===== Dataset entries =====
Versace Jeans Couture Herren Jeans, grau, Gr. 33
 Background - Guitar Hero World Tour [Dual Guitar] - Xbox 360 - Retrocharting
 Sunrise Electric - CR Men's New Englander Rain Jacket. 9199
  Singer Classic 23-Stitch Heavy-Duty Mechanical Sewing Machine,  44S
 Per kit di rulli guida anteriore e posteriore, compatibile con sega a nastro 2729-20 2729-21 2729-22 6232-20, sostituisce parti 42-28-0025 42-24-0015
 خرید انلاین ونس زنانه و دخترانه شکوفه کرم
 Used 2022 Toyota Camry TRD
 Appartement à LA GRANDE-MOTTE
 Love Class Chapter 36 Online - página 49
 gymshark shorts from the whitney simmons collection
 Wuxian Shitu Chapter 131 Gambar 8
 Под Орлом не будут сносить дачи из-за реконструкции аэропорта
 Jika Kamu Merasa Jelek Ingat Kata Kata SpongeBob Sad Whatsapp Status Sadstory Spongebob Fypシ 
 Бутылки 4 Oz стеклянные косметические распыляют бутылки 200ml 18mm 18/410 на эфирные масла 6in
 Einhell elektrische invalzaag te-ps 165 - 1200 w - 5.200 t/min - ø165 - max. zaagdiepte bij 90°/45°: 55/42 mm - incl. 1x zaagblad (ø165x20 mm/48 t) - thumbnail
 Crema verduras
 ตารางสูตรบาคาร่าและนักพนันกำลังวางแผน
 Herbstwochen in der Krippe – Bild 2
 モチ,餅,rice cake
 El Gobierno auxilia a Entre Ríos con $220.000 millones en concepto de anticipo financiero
=====
- Task item -
Using the records above, write out exactly the lines from the one containing "Бутылки 4 Oz" through the last, and add nothing.

- Expected output -
 Бутылки 4 Oz стеклянные косметические распыляют бутылки 200ml 18mm 18/410 на эфирные масла 6in
 Einhell elektrische invalzaag te-ps 165 - 1200 w - 5.200 t/min - ø165 - max. zaagdiepte bij 90°/45°: 55/42 mm - incl. 1x zaagblad (ø165x20 mm/48 t) - thumbnail
 Crema verduras
 ตารางสูตรบาคาร่าและนักพนันกำลังวางแผน
 Herbstwochen in der Krippe – Bild 2
 モチ,餅,rice cake
 El Gobierno auxilia a Entre Ríos con $220.000 millones en concepto de anticipo financiero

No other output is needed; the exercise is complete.